This is going to be a quick “grocery list” to get a configuration of Apache -> Squid -> Tomcat going, allowing for a cache of multiple webapps at the same time.
The Common Case – Apache & Tomcat
Commonly people would have a configuration of Apache -> Tomcat serving web applications. However sometimes you would like to add that extra bit of simple caching for that webapp. Sometime it can really speed up things!!
Assuming you have Tomcat all configured and serving a webapp on http://localhost:8080/webapp and a vhost in apache which would look like:
<VirtualHost *:80> ServerName www.webapp.com LogLevel info ErrorLog /var/log/apache2/www.webapp.com-error.log CustomLog /var/log/apache2/www.webapp.com-access.log combined ProxyPreserveHost On ProxyPass /webapp http://localhost:8080/webapp ProxyPassReverse /webapp http://localhost:8080/webapp RewriteEngine On RewriteOptions inherit RewriteLog /var/log/apache2/www.webapp.com-rewrite.log RewriteLogLevel 0 </VirtualHost>
Simple!
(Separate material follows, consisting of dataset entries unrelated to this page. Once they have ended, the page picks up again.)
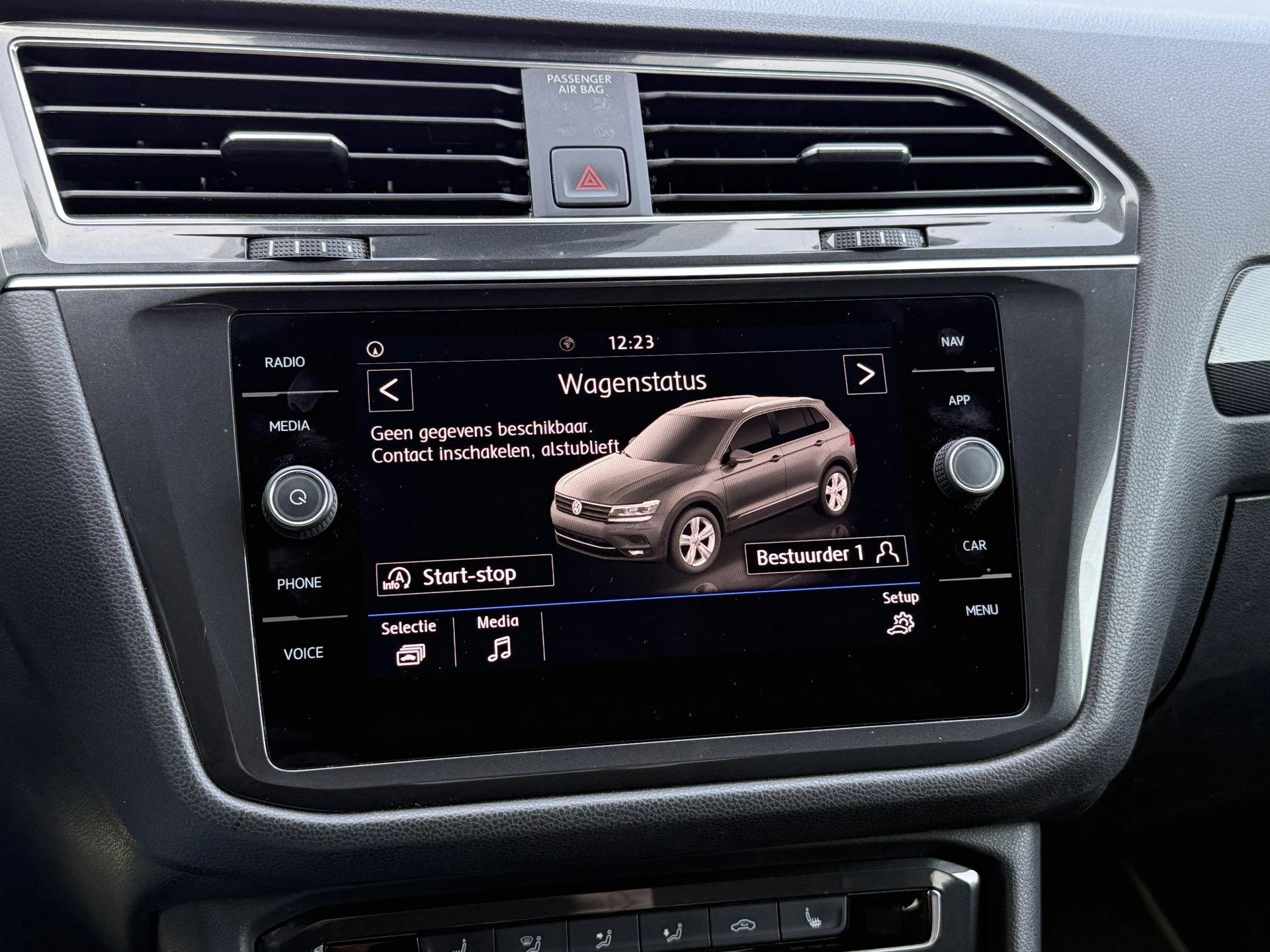 Hoofdafbeelding Volkswagen Tiguan Allspace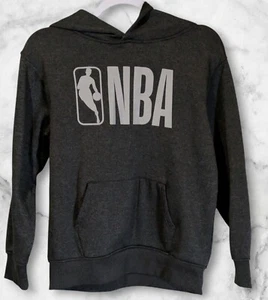 Boys Youth NBA Pullover Hoodie Size Large (14-16) Long Sleeve - Picture 1 of 4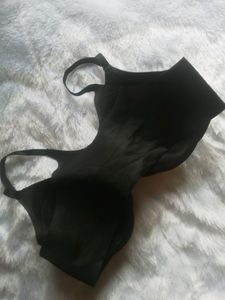 Black Bra Front Closer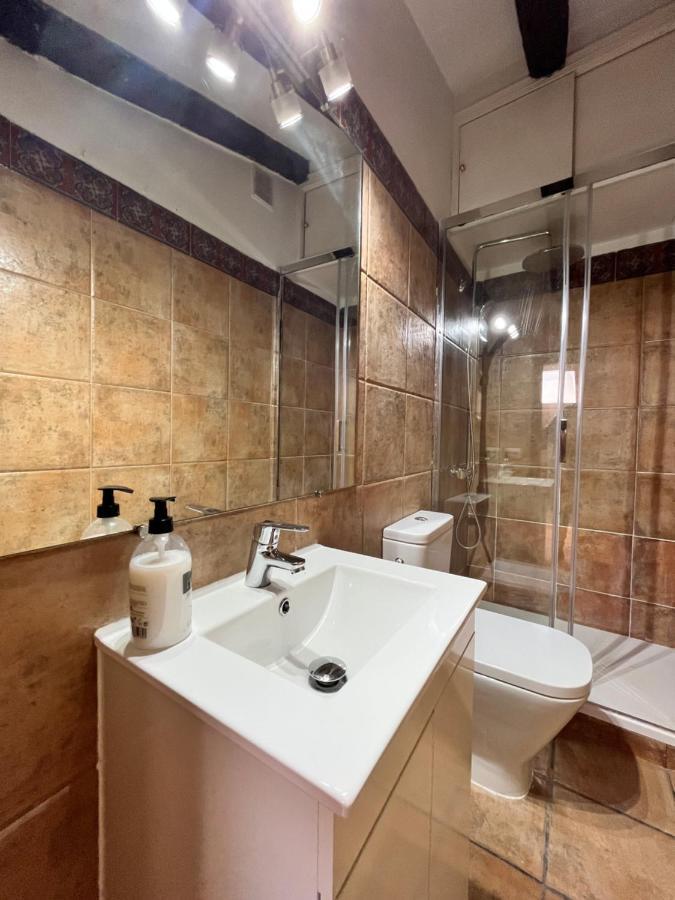 Atico Atocha Ile Temporal Appartement Madrid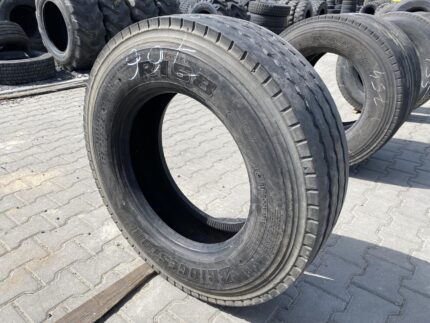 Opona ciężarowa 265/70R19.5 BRIDGESTONE R168 / 11-12mm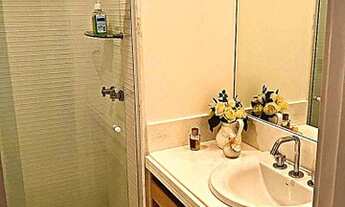 Imagem 6: Gávea: apartamento 105 m², 3 quartos, suíte e 2 vagas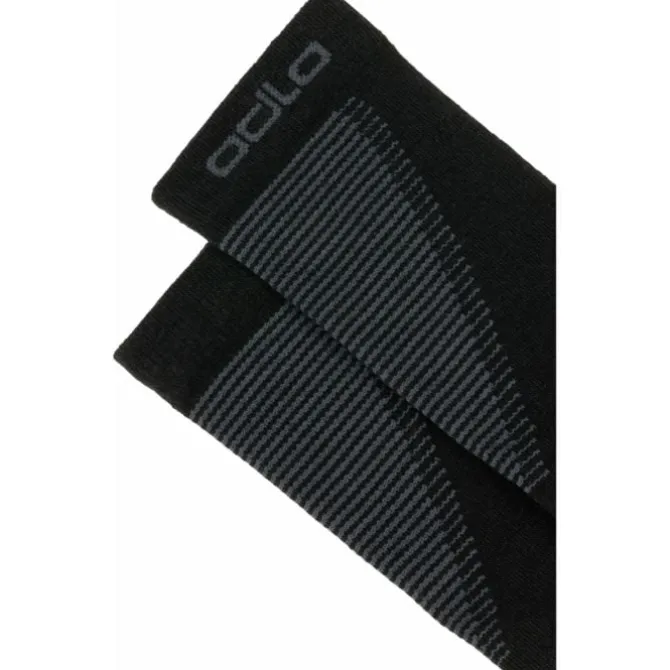 Odlo Socken & Strümpfe | Laufsocken>Socks Crew Active Warm Running Schwarz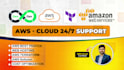 aws cloud setup expert solutions architect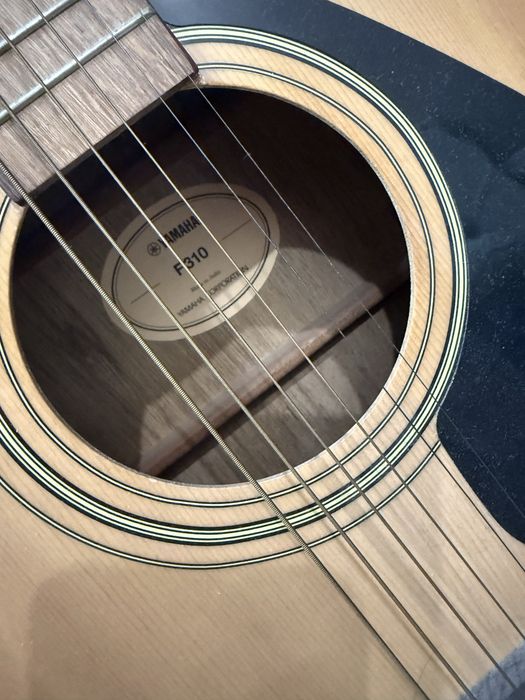 Гитара Yamaha F310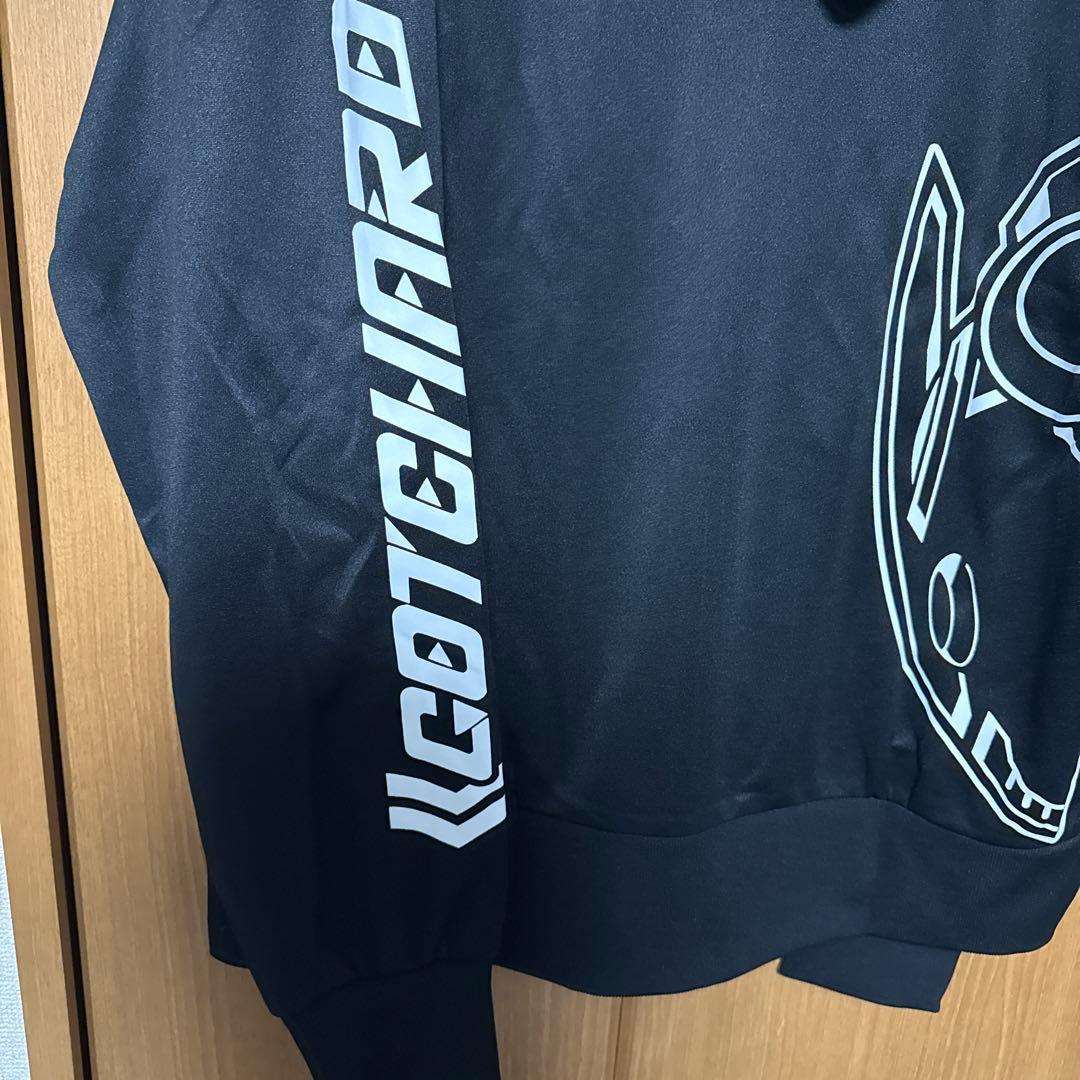 仮面ライダーガッチャード スタッフパーカー［XL］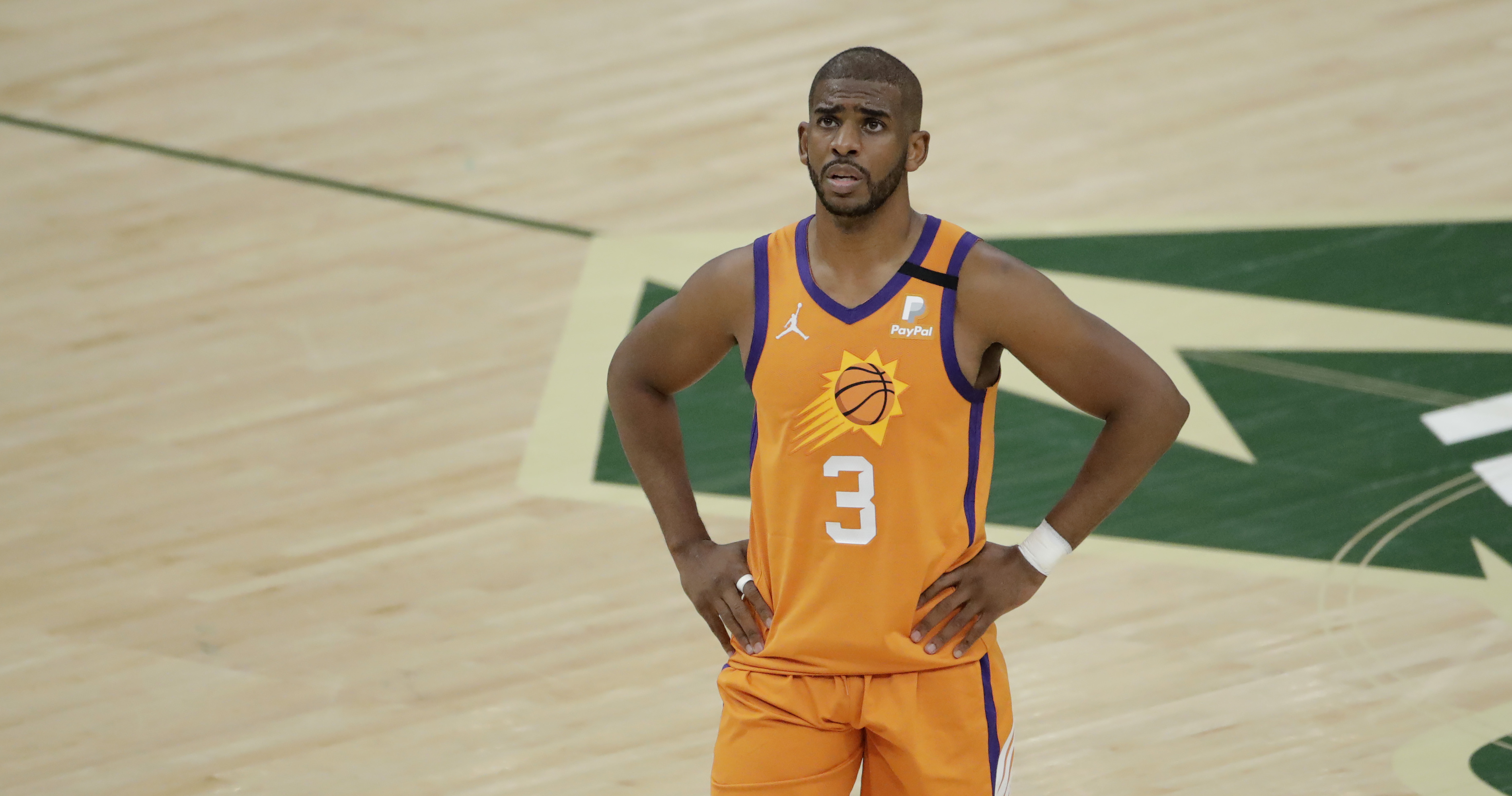 Chris Paul Partners with Basketball Hall of Fame to Create 4Team HBCU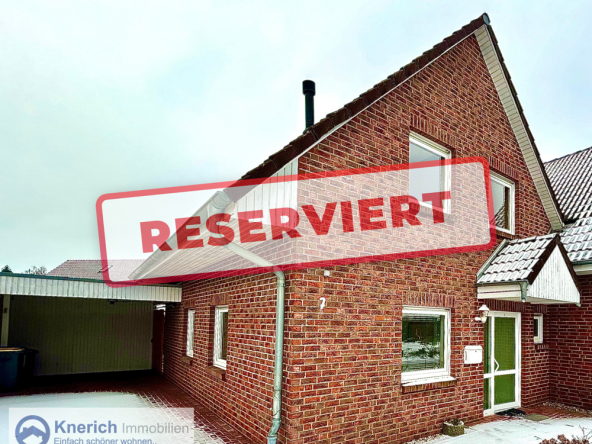 Reserviert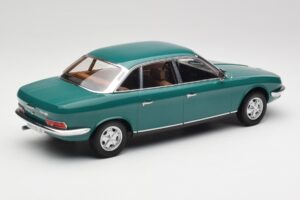NSU Ro80 Verde Lime Minichamps 1:18 151015405 Metal - imaginea 2 din 6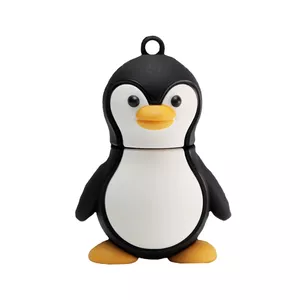 فلش مموری دایا دیتا طرح پنگوئن مدل PF1102-USB3 ظرفیت 128 گیگابایت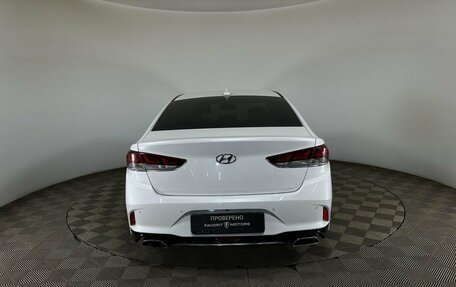 Hyundai Sonata VII, 2019 год, 1 850 000 рублей, 3 фотография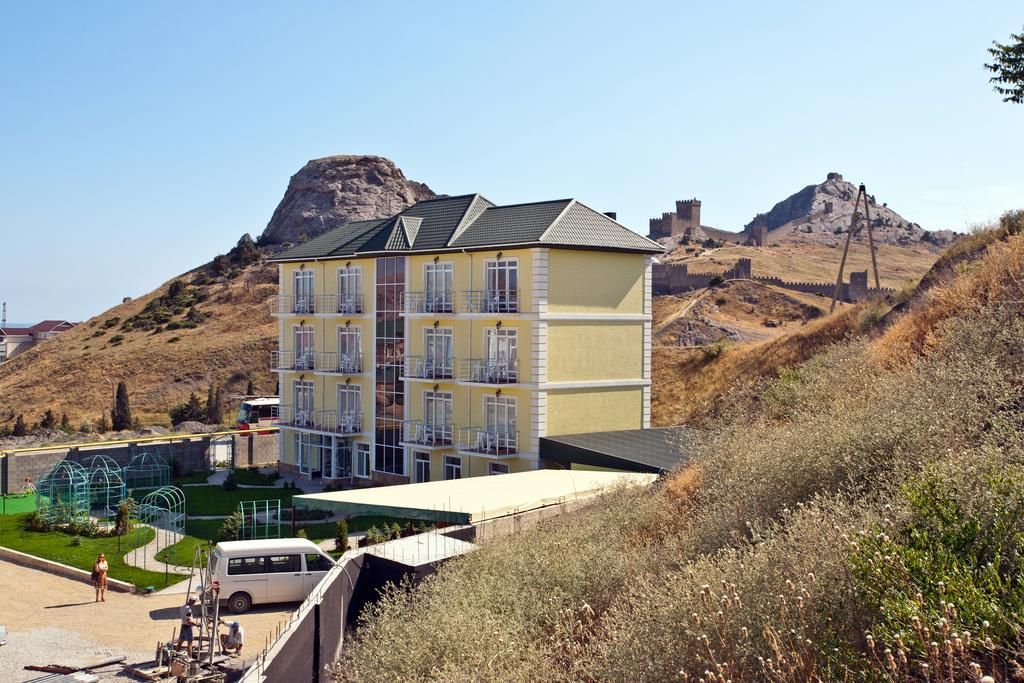 Гостевой дом Парадиз Resort фото 24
Just forward all /webapp requests to http://localhost:8080/webapp
Squid In The Middle
A simple squid configuration for us would look like:
# some boilerplate configuration for squid
acl manager proto cache_object
acl localhost src 127.0.0.1/32
acl to_localhost dst 127.0.0.0/8 0.0.0.0/32
acl localnet src 10.0.0.0/8
acl localnet src 172.16.0.0/12
acl localnet src 192.168.0.0/16
acl Safe_ports port 80
acl Safe_ports port 443
acl Safe_ports port 8080-8100 # webapps
acl purge method PURGE
acl CONNECT method CONNECT
http_access allow manager localhost
http_access deny manager
http_access allow purge localhost
http_access deny purge
http_access deny !Safe_ports
http_access allow localhost
http_access allow localnet
http_access deny all
icp_access allow localnet
icp_access deny all
http_port 3128
hierarchy_stoplist cgi-bin ?
access_log /var/log/squid/access.log squid
hosts_file /etc/hosts
coredump_dir /var/spool/squid3
# adjust your cache size!
cache_dir ufs /var/cache/squid 20480 16 256
cache_mem 5120 MB
#################################
# interesting part start here!! #
#################################
# adjust this to your liking
maximum_object_size 200 KB
# required to handle same URL with different parameters differently
# so for instance these two following URLs are treated as distict URLs, hance they will
# be cached separately
# http://localhost:8080/webapp/a?param=1
# http://localhost:8080/webapp/a?param=2
strip_query_terms off
# just for some better logging
logformat combined %>a %ui %un [%tl] "%rm %ru HTTP/%rv" %>Hs %<st "%{Referer}>h" "%{User-Agent}>h" %Ss:%Sh
# refresh_pattern is subject to change, but if you decide to cache a webapp, you must make sure it actually gets cached!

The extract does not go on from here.